During the case, Patrick was up against several forces. There was the clubby Southern culture, where Sessions, the prosecutor in the case, would have dinner with the judge in the case during the trial, according to Patrick.
“The whole thing felt too cozy,” Patrick wrote in his 2011 memoir, “A Reason to Believe.”
Sessions, as the chief federal law enforcement official in Alabama, also had the resources of the FBI on his side, and Patrick wrote in his memoir that the prosecutor deployed 50 FBI agents in Perry County to talk to 1,500 black families.
“The agents’ tactics spread fear and intimidation,” Patrick wrote. “For many it recalled the reign of terror they had experienced just 20 years earlier.”
But just as tough were the black people Patrick was trying to fight for. The problem was they didn’t trust him or his team of lawyers.
“It was tough to get people to open up to us,” Patrick wrote. “We were from out of town, unfamiliar in both appearance and dialect.”
Patrick’s client, Spencer Hogue, called a meeting one night. It was in a one-room structure on stilts with just a wood stove for warmth. Hogue wasn’t much of a public speaker. So standing in that room full of the people he was trying to lead, he decided to do something else.
“He closed his eyes and began by singing in a baritone wail,” Patrick wrote. “He started confidently, stomping his foot rhythmically on the rough wooden floor boards and clapping his hands.”
The audience joined in.
“It changed everything,” Patrick wrote. “Word got around. We started to get the information we needed to build our case.”
He described the case as “mean and nasty, marked by angry objections, lengthy bench conferences.”
The jurors came back in a day with their verdict: All of the defendants were not guilty.
“The place erupted with cheers and applause,” Patrick wrote. “One of the spectators yelled ‘Thank you, jury!’”
Sessions emphasized different aspects of the case in his written application to the Senate Judiciary Committee. He noted that a majority African-American grand jury approved the initial federal indictment and said it was the black candidates for office who voiced concern that the election was being stolen by the civil rights leaders.
He also wrote that 25 of the voters that his office interviewed said their ballots had been altered without permission. Sessions also wrote that accusations of witness intimidation were refuted.
The following year, in 1986, President Ronald Reagan appointed Sessions to be a federal judge.

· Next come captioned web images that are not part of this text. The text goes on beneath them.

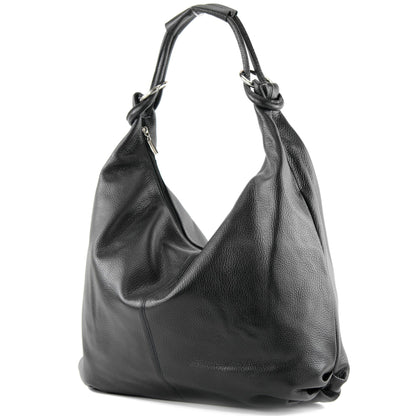modamoda de 337 Damen Leder Schultertasche Shopper Large handmade in Italy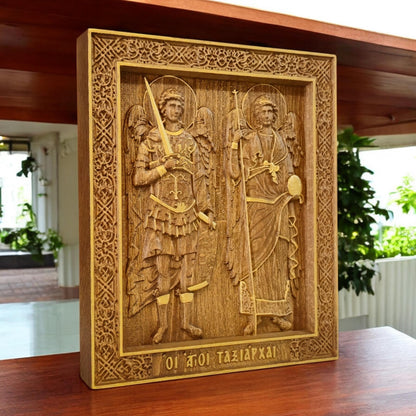 Archangels Michael and Gabriel Wooden Carved Handmade Christian Icon. Byzantine Greek Orthodox Home Decor.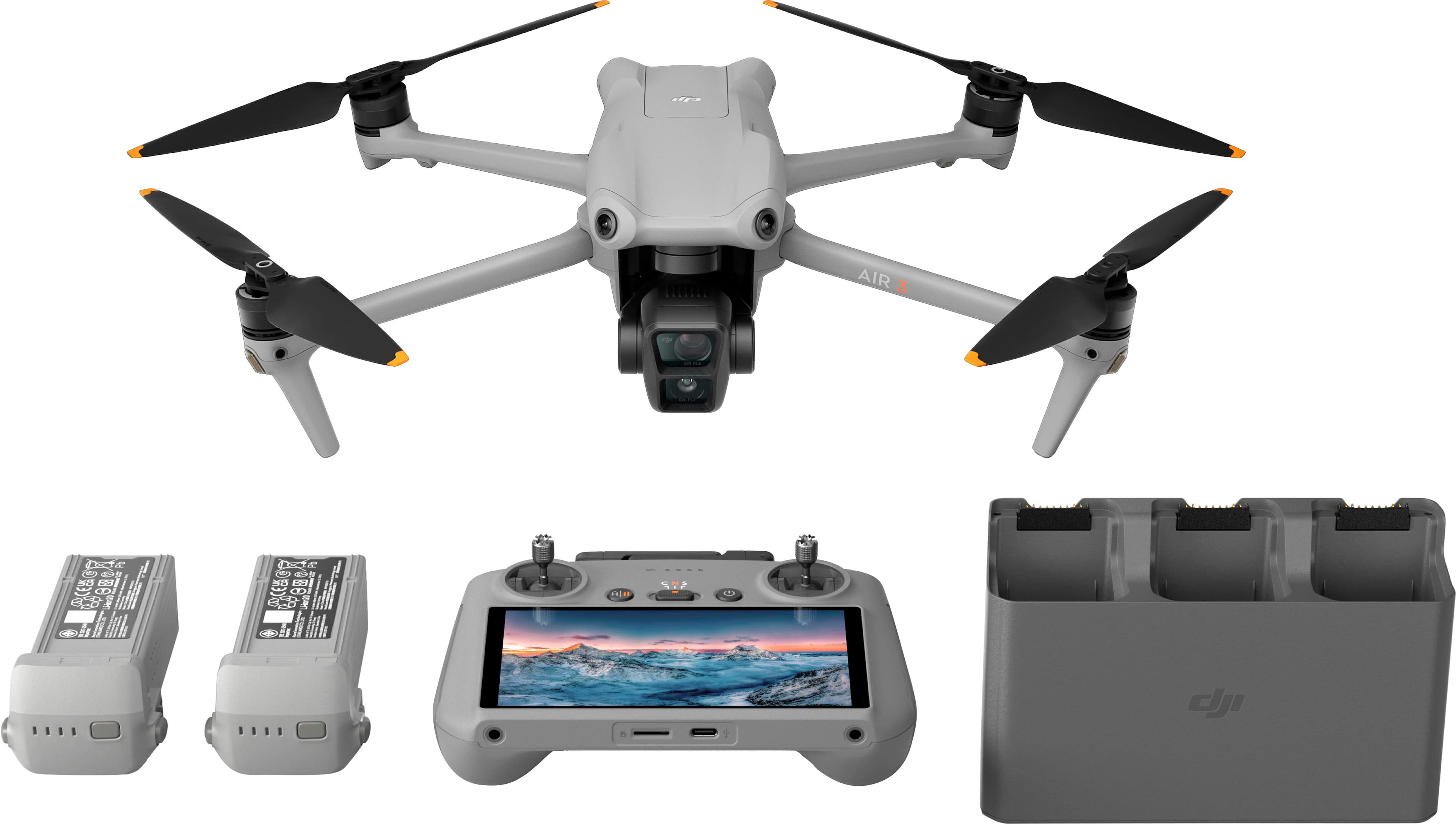 DJI - Geek Squad Certified Refurbished Air 3 Fly More Combo Drone and RC 2 Remote Control with Built-in Screen - Gray produc…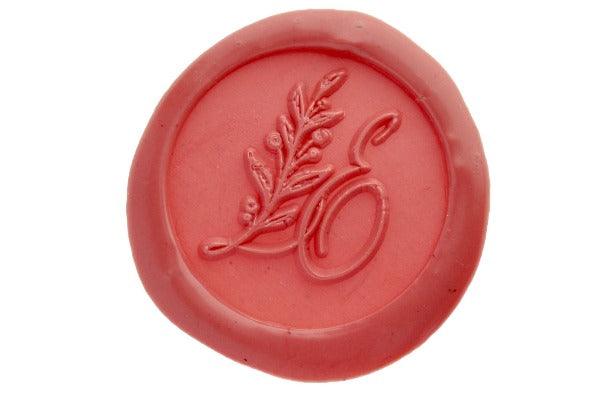 Botanical Monogram Wax Seal Stamp - Backtozero B20 - 2 initials, 2initials, Botanical, Double Initials, floral, Flower, genericlonghandle, Initial, Monogram, Nature, Personalized, Pink, Two initials, Wedding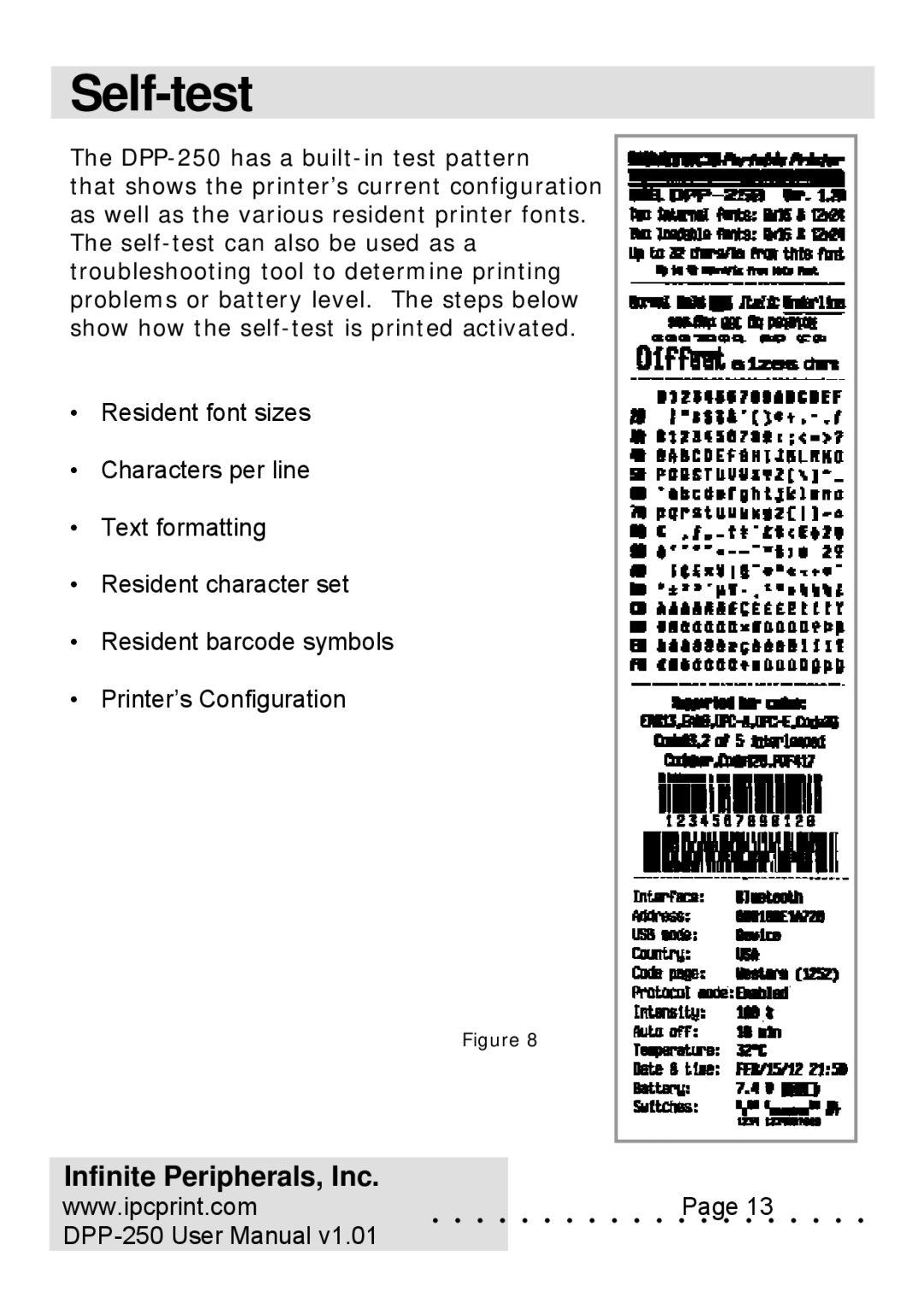 Infinite Peripherals user manual Self-test, DPP-250 has a built-in test pattern 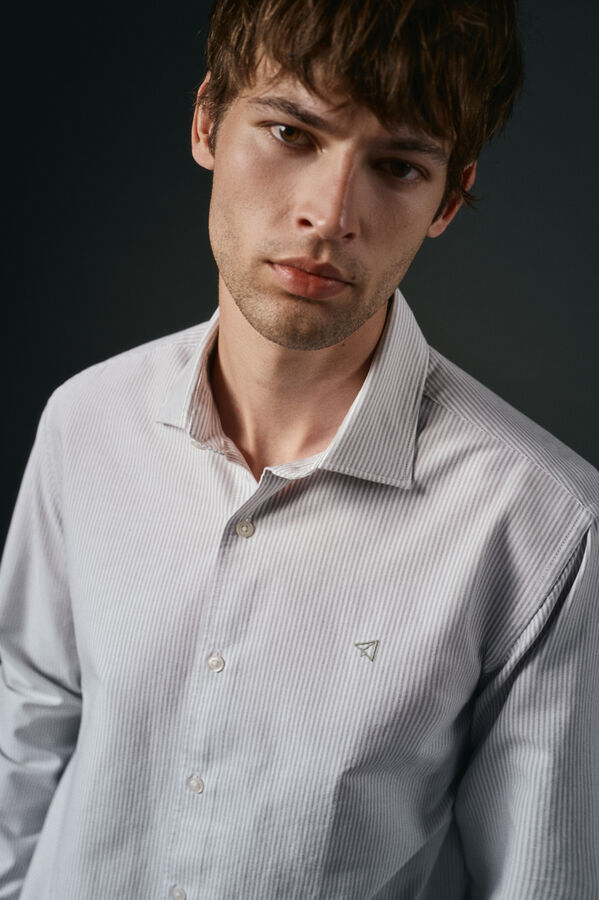 OOTO Camisa oxford rayas Kaki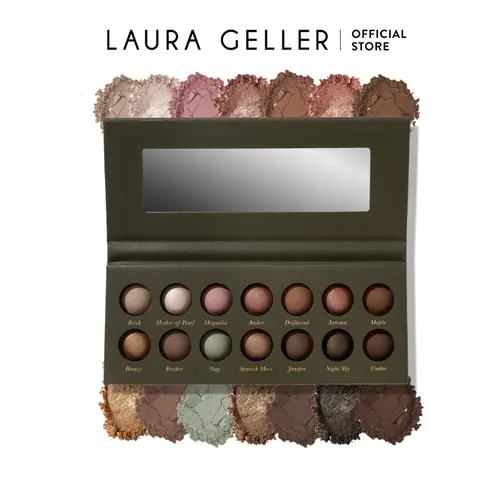 Laura Geller Delectables Baked Eyeshadow Palette Earthy Essentials 14 Matte & Shimmer Shades Cream-to-Powder Formula Long-Lasting Makeup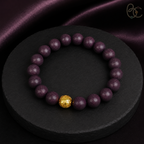 Imperial Violet — Rose Sandalwood Bracelet with Fortune Bead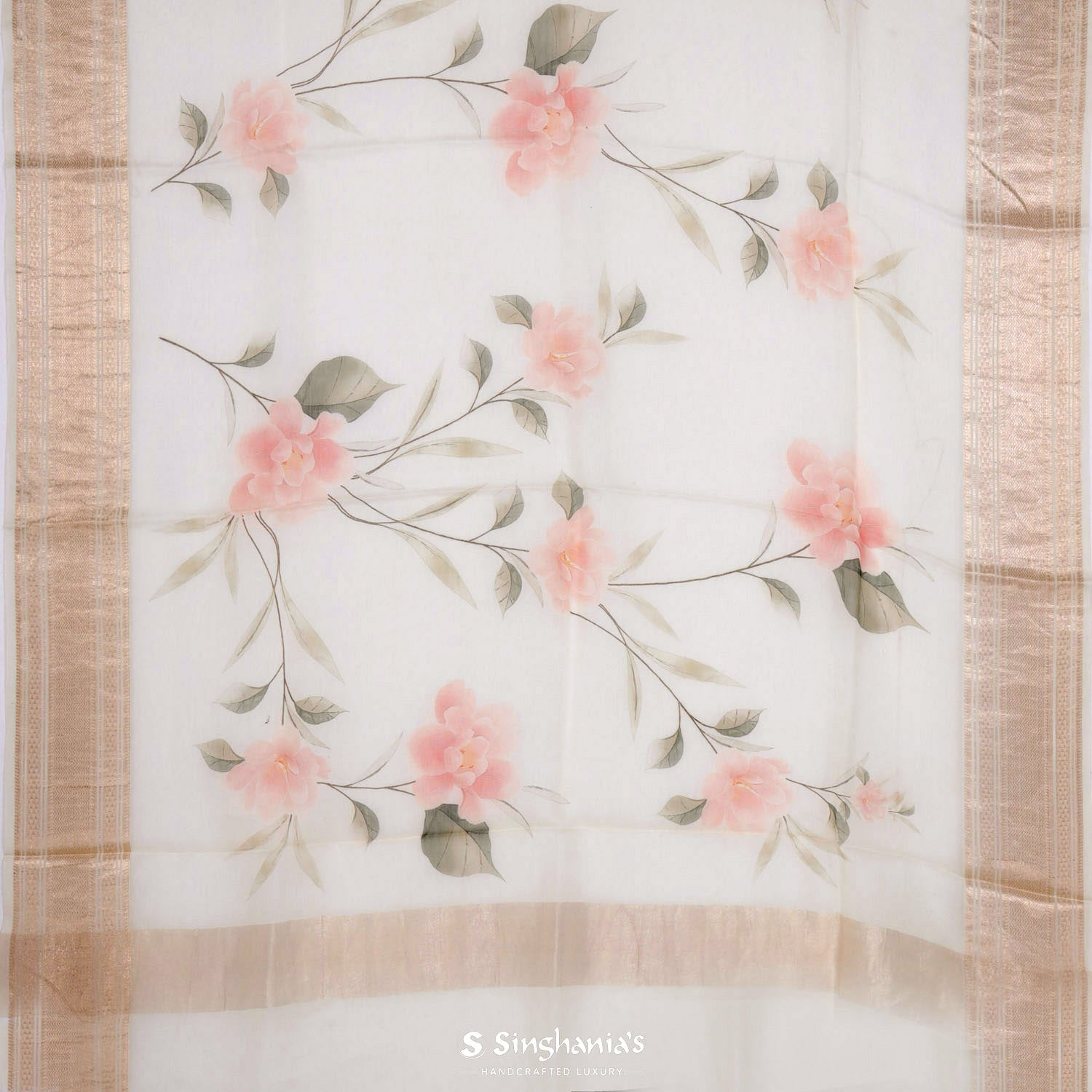 Acadia White Printed Maheshwari Saree With Floral Pattern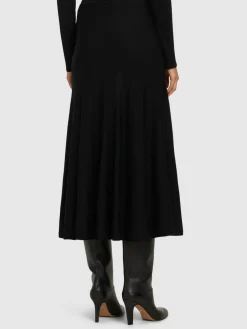 Gonna midi Mayu in maglia di misto lana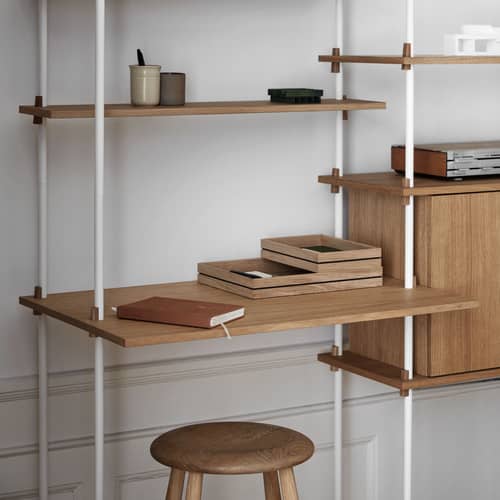 Zubehör  holz natur / Tablett-Schreibtisch für Shelving System - B 85 x T 52 cm - MOEBE - Eiche natur - MDF Eichenfurnier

The NAACP was still ready to fight.
Patrick was dispatched to Washington, where he appeared before the Senate Judiciary Committee to tell the tale of Perry County.
He recounted that Sessions allowed his underlings to make insinuations to the jury during the case, writing “WITNESS LYING” on a legal pad the jurors could see, moved the trial about 100 miles away to secure more whites in the jury pool, and continued to press aspects of the case even after the jury acquitted.
“These are some of the issues that arise from my experience litigating against Mr. Sessions and that cause me to question whether he has the temperament, judgment, and fairness appropriate for a federal judge.”
The Senate panel agreed. Sessions’ nomination didn’t go forward.
Patrick never forgot the episode. He wrote in his book that he was inspired by experiences like the Perry County case.
He described it as a moment when “the yearning for social justice was met with some affirmation against the odds.”